Allí sí tuvo suerte, porque cuando bajaba del barco para comprobar lo que algunos tripulantes le habían contado sobre las turistas que visitaban el lugar, vio a Elisa, una catalana con la que caminó durante horas por callecitas, pisó arena y piedras pequeñas en la playa y compartió el viaje hasta que terminó sus demasiado cortas vacaciones.
Precisamente la pareja de casados, descasados y vueltos a casar que conoció el primer día, compartió con el viajero y Elisa la primera noche de discoteca. Allí encontró también al holandés gigante y su pequeña hada, y no pudo evitar contarle a Elisa hasta dónde había llegado su imaginación con la francesa. Elisa no acusó el impacto, pero devolvió el mandoble: "qué curioso, a mí me pasó lo mismo, pero con el holandés", le dijo, mientras cruzaba una mirada seductora con la mole rubia que apretaba a su pareja como si quisiera exprimirla.

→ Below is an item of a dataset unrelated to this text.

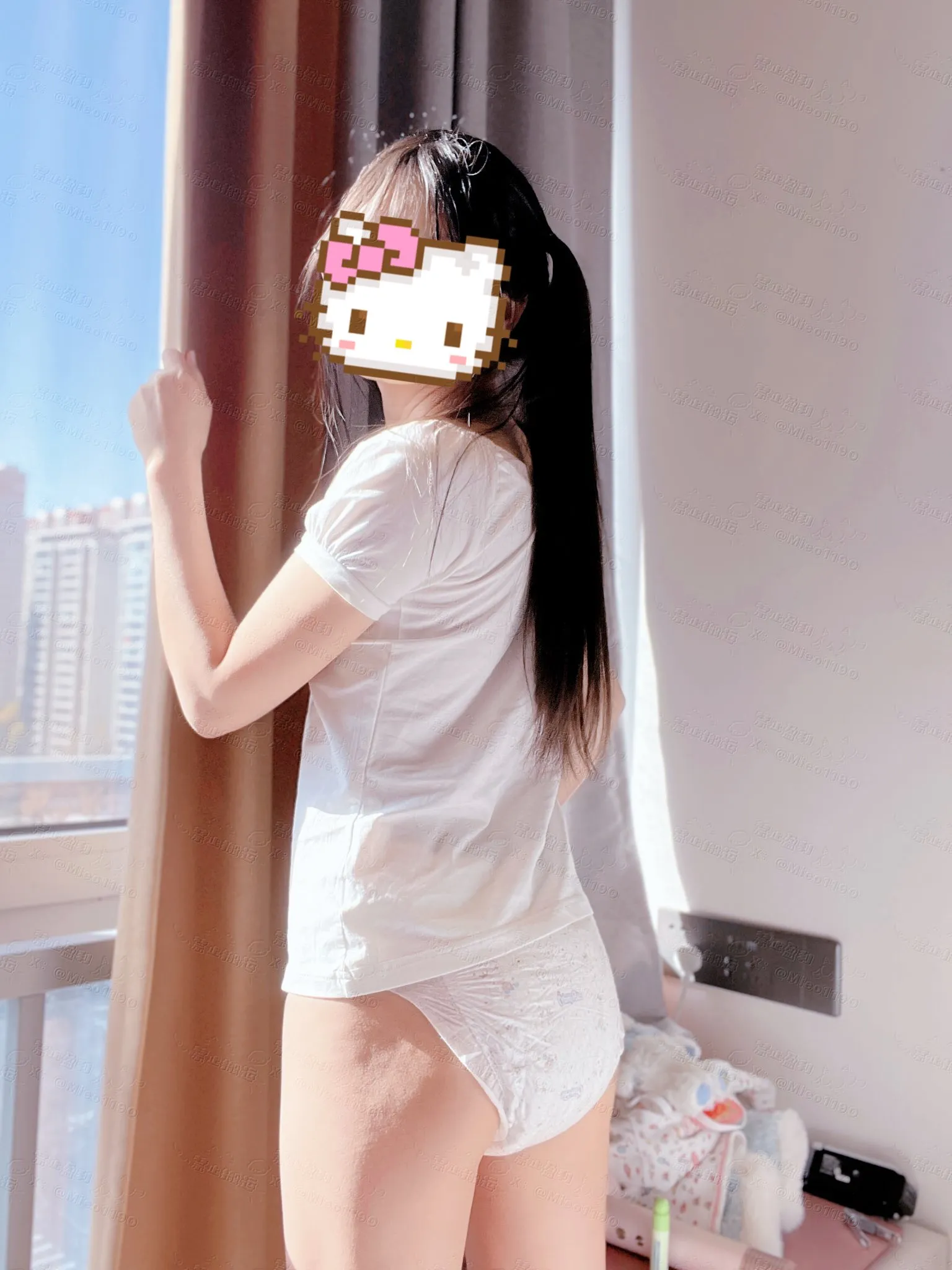 A girl in diapers basking in the sunlight streaming through the window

Las siluetas de Civitavecchia, cerca de Roma, y Barcelona al terminar el crucero, fueron sólo eso, siluetas. Ahí dejó a Elisa, cargada con dos valijas llenas de calcomanías, navegante incansable ella de cruceros por doquier, y según sus propias palabras, buscadora de "hombres efímeros como tú, que sólo pueden hallarse en medio del mar y que como las olas, desaparecen suavemente y sin molestar".



Las embarcaciones recorren el Mediterráneo sin pausa.